◆ Work request
Please, could you print all the lines below exactly, leaving out the pictures?
[Opening Data segment section]
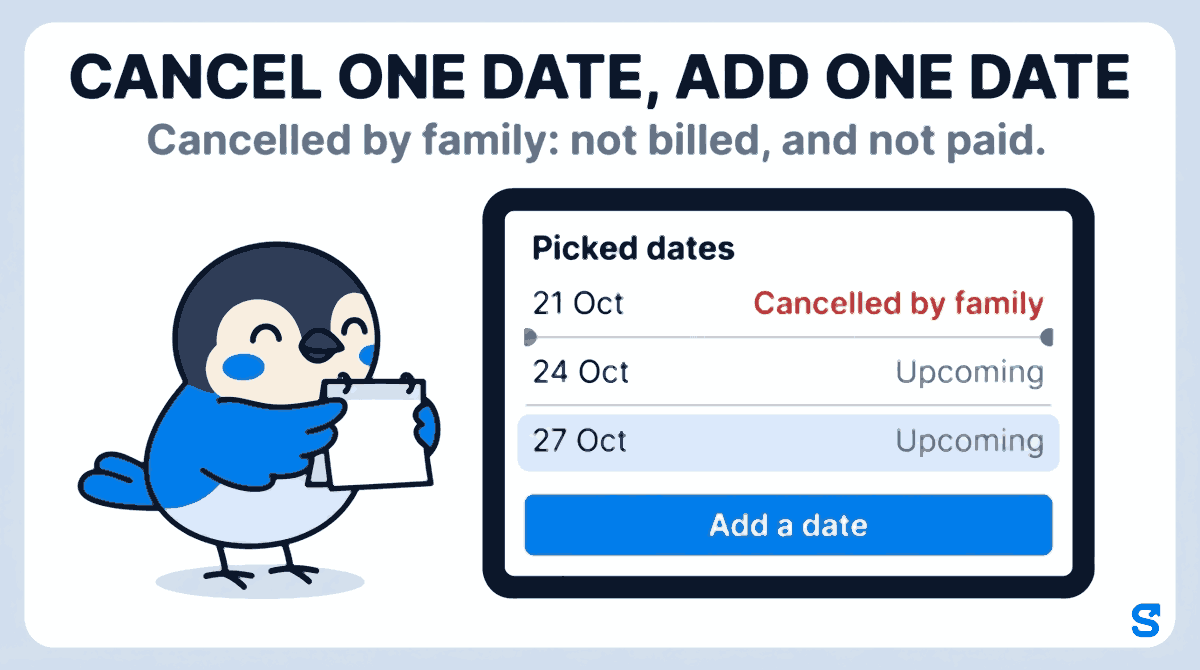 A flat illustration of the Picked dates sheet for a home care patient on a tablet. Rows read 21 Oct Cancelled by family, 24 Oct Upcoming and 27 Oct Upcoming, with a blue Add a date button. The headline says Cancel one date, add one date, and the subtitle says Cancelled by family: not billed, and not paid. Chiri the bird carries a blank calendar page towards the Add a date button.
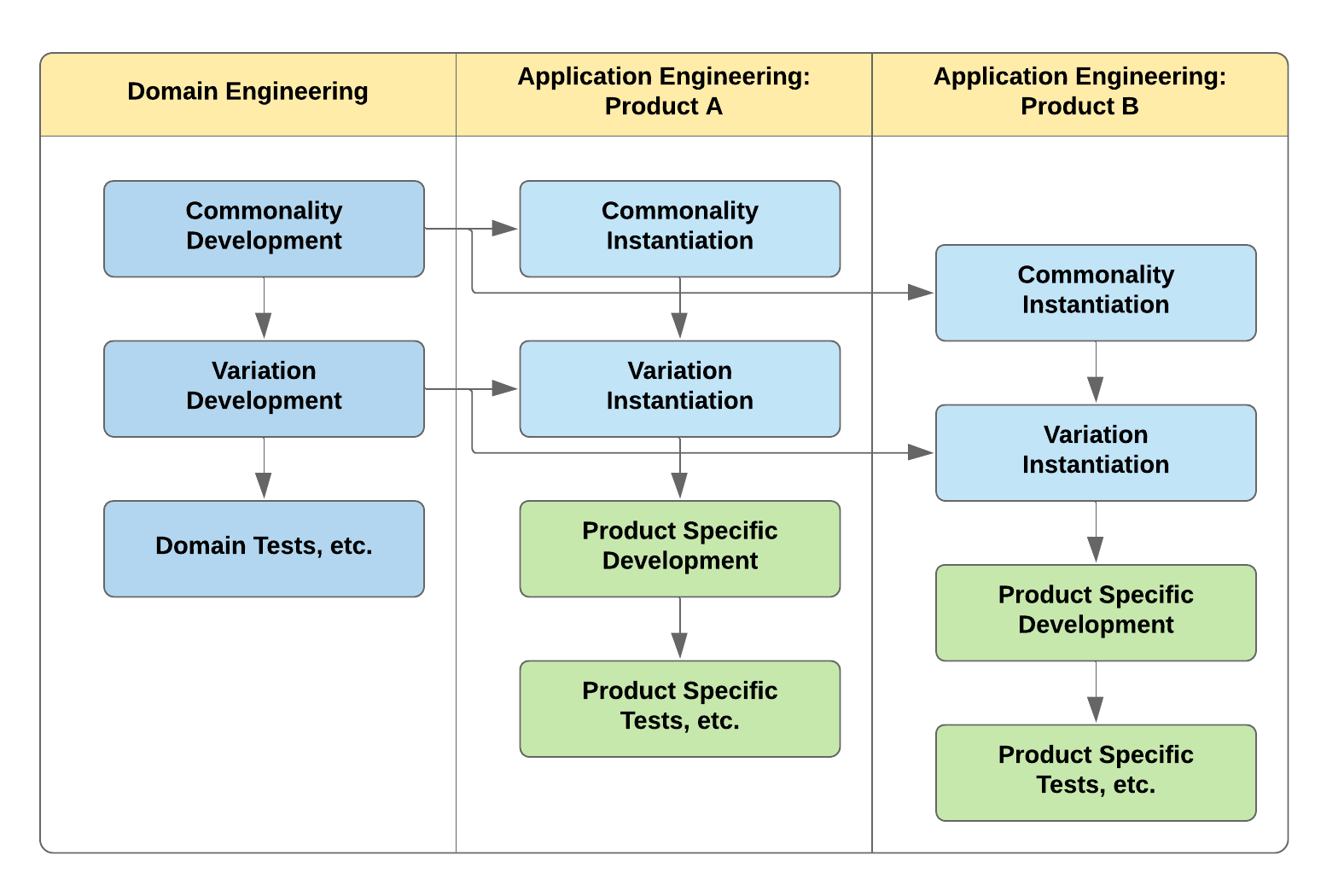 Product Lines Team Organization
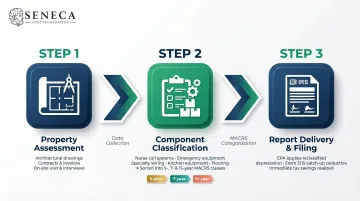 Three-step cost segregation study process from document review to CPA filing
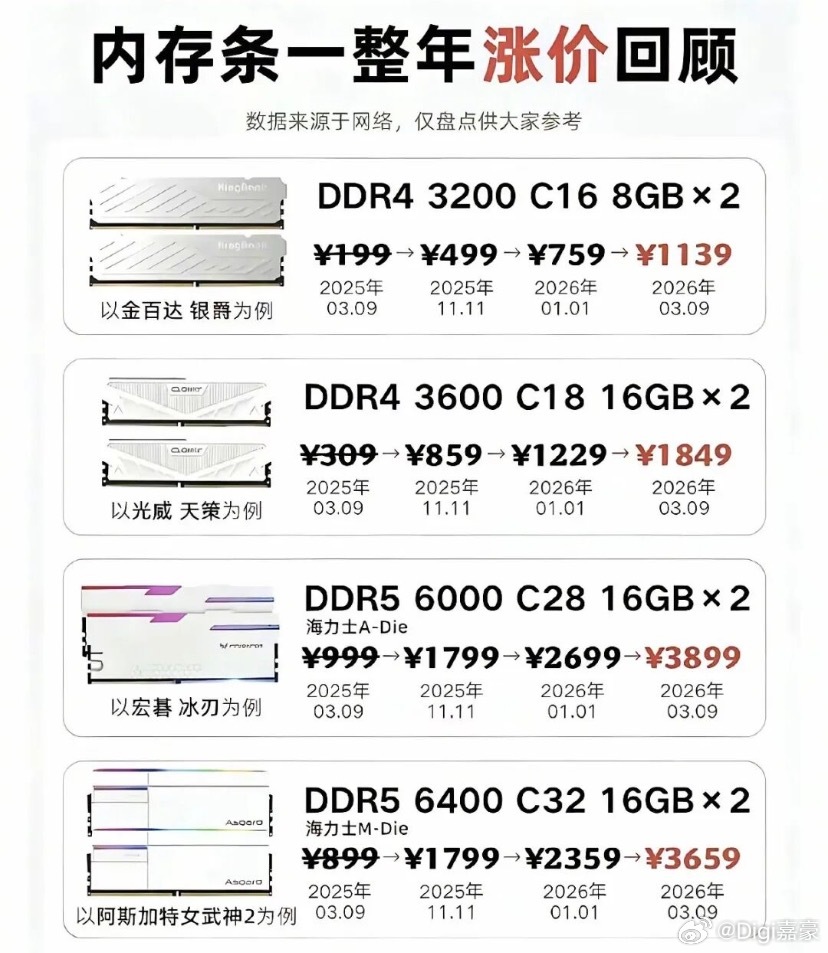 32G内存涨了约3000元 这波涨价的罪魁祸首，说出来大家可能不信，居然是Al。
[Closing Data segment section]
◆ Response to the task
 A flat illustration of the Picked dates sheet for a home care patient on a tablet. Rows read 21 Oct Cancelled by family, 24 Oct Upcoming and 27 Oct Upcoming, with a blue Add a date button. The headline says Cancel one date, add one date, and the subtitle says Cancelled by family: not billed, and not paid. Chiri the bird carries a blank calendar page towards the Add a date button.
 Product Lines Team Organization
 Three-step cost segregation study process from document review to CPA filing
 32G内存涨了约3000元 这波涨价的罪魁祸首，说出来大家可能不信，居然是Al。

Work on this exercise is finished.